The divorce rate for second marriages is higher than that of first marriages. In the U.S., about 50% of first marriages and 67% of second marriages end in divorce.
Why Second Marriages Are More Likely to End in Divorce
Familiarity With the Divorce Processes
If someone has been through a divorce before and knows he or she can manage the life-altering ordeal, that person may be less terrified of going through the process again. If things get tough, spouses with divorce experience may be more inclined to quit at the first sign of trouble.
Making Hasty Decisions
Some people marry a second time to avoid feeling lonely. Others do so to return to familiar dynamics. Reentering into coupledom without giving oneself enough time to heal, grow from the experience, or think things through can set up a marriage for failure. The relationship may start to fizzle once infatuation wanes.
Children are the Common Glue
Children act as the common glue in many first marriages. When things get rough, couples often try to work things out or sacrifice their own happiness for the sake of their children.

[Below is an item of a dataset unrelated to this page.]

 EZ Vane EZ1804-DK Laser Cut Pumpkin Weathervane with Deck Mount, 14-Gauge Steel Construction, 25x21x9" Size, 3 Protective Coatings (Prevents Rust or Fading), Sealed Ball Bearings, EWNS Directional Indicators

Many subsequent marriages lack that common binding agent because they do not produce children. Additionally, parents who remarry may have to shuttle existing children to and from exes’ houses. This can complicate family schedules. In some cases, children may harbor resentment for their step-parent, putting a strain on the relationship.

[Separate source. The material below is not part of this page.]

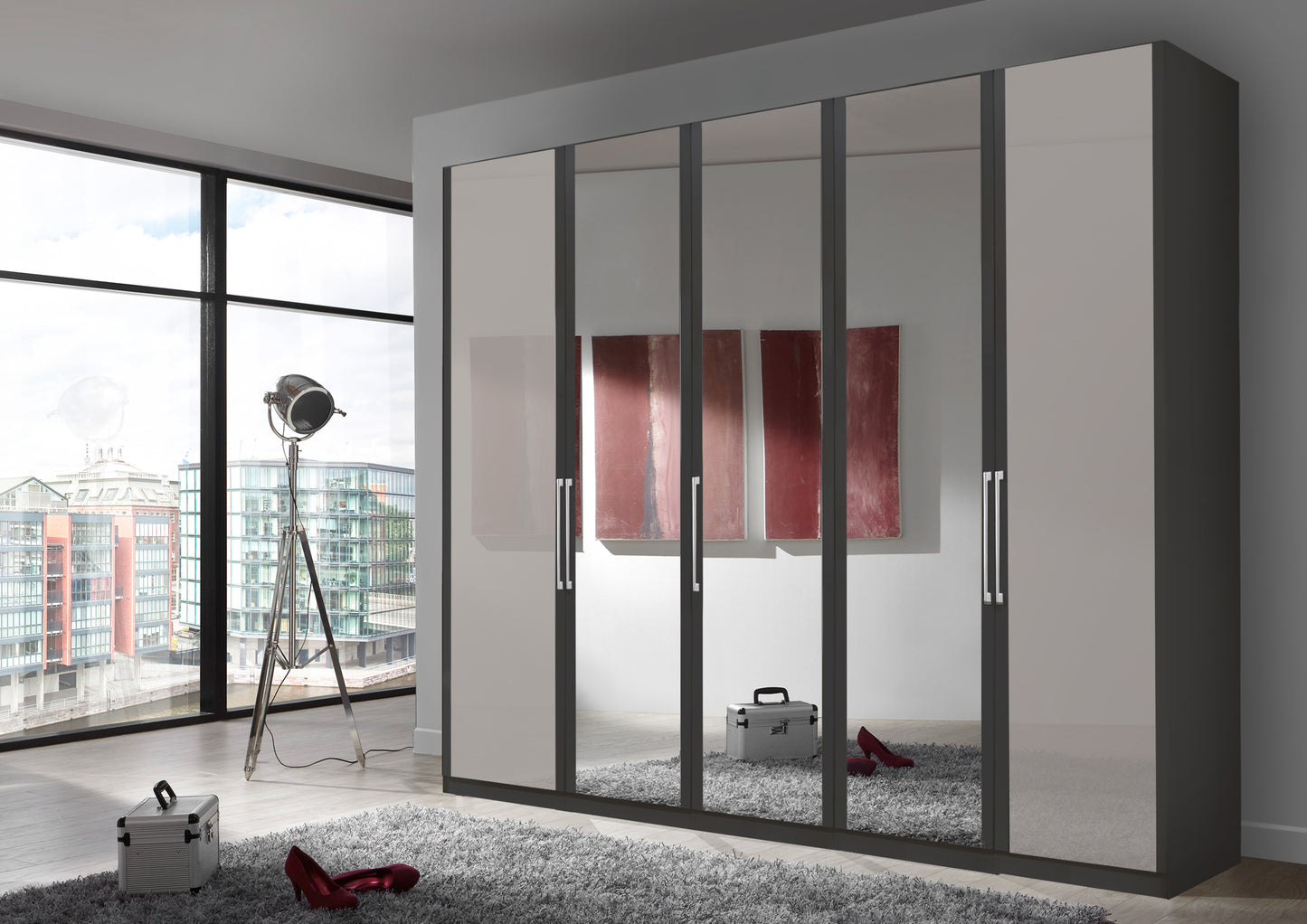 Bermuda Hinged 5 Door Wardrobe Glass Pebble Grey 250cm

Some ex-spouses are happy to see their ex get married, especially if it could reduce alimony and child support payments and result in fewer legal motions. Some ex’s, however, may try to sabotage a new marriage. They may file legal motions long after the divorce is final or lobby the children against the new spouse. This creates financial or emotional tension for the new couple.

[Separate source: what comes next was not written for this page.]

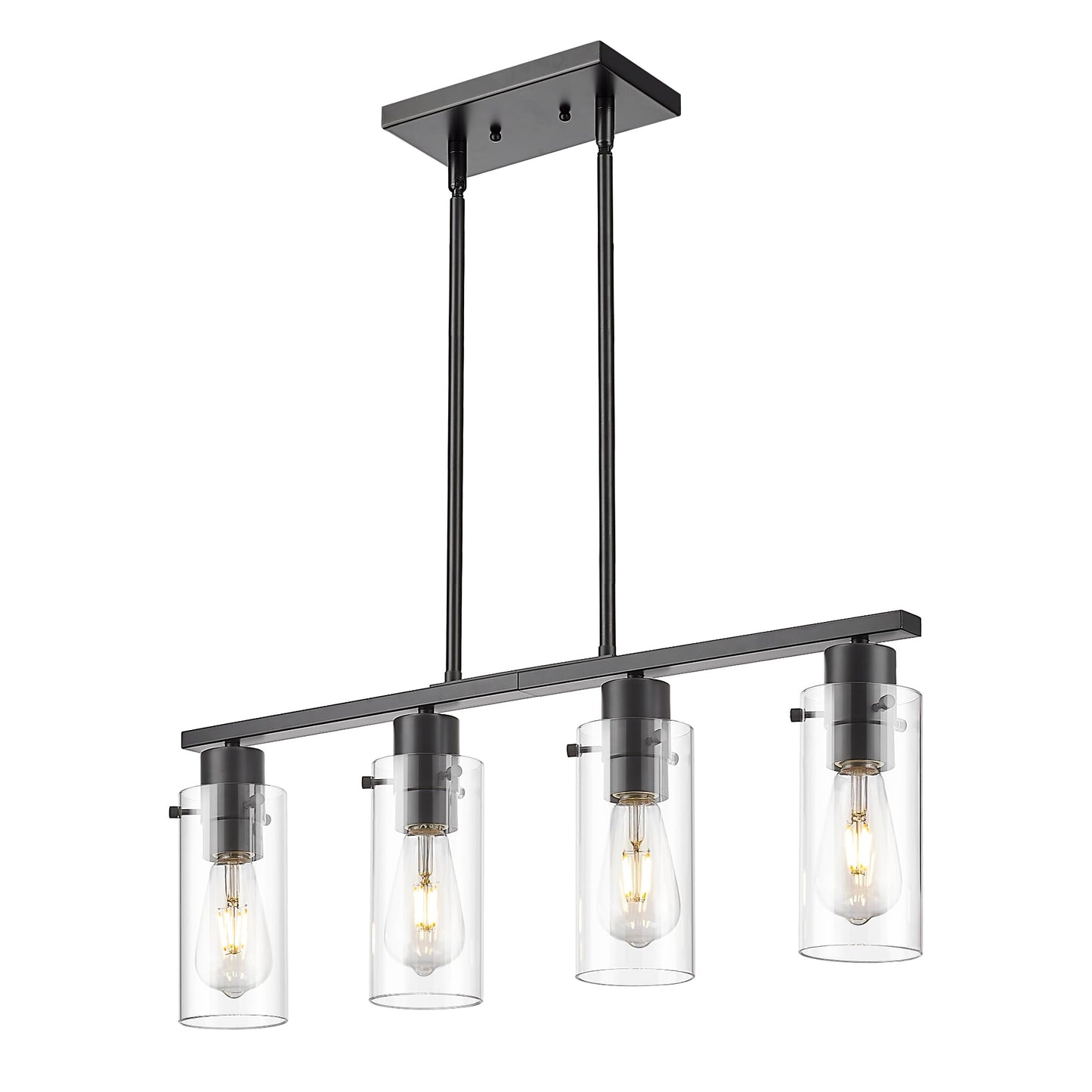 Emak Modern Black Kitchen Island Lighting  4-Light Dining Room Light Fixtures Over Table Farmhouse Linear Chandelier With Clear Glass Shade For Kitchen Dining Room  Pl120-Bkbk-4L-Cg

Money is already a top issue for many couples, but it becomes even more troublesome in second marriages. Many individuals enter second marriages with more financial assets than they had in their prior marriages. They may also have independent financial goals that they may not be willing to change when they remarry. In addition, spouses may feel resentful about money going out to their new partner's first spouse and children, especially when money is tight.